G.K. Chesterton Society

of Springfield, Massachusetts





" Art, like morality, consists of

drawing the line somewhere. "

Who is G.K. Chesterton?


Gilbert Keith Chesterton was an English writer who lived from 1874 to 1936, and is considered by many to be one of the greatest thinkers of the 20th century. The subject matter of his writing spans nearly every topic imaginable, from the dangers of big government, to the truth of the Catholic Faith, to the goodness of beer. Among the books penned by Chesterton are Orthodoxy, The Everlasting Man, What's Wrong with the World, Heretics, and The Outline of Sanity. He is also the author of a number of fictional works, the most famous of which is his Father Brown, detective series. Other of his fictional works include The Ball and the Cross, The Man Who was Thursday, and Man Alive. But that's not all! Chesterton was also a poet. Among the poems he wrote is The Ballad of the White Horse, an epic poem about the defense of England by King Alfred the Great, as well as Lepanto, about the battle of Lepanto, fought by Europe against the invading Muslims.

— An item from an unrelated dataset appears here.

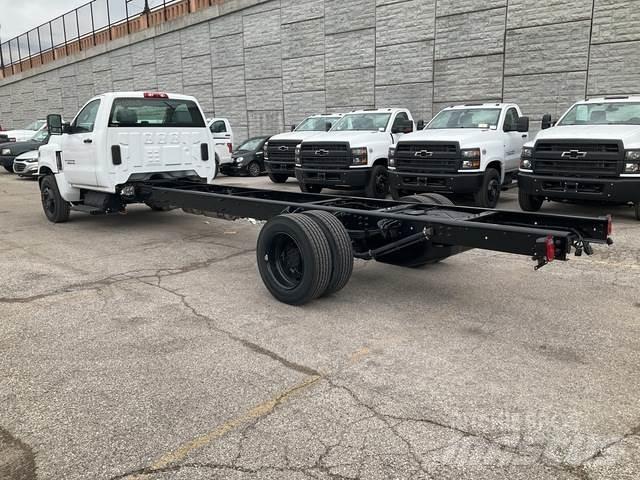 Chevrolet 6500 Kabīnes un interjers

G.K. Chesterton has been called the Apostle of Common Sense. He was a defender of common things and the common man, of the family, and of the poor. He opposed both Big Government and Big Business as enemies of these. A convert to Catholicism, G.K. Chesterton defended the Catholic Church long before he entered it. For Chesterton, the Church was the one lasting beacon of sanity in a world torn by ideological fads. Although Chesterton wrote in the first part of the 20th century, his writing is timeless, and is as relevant today as it was over eighty years ago.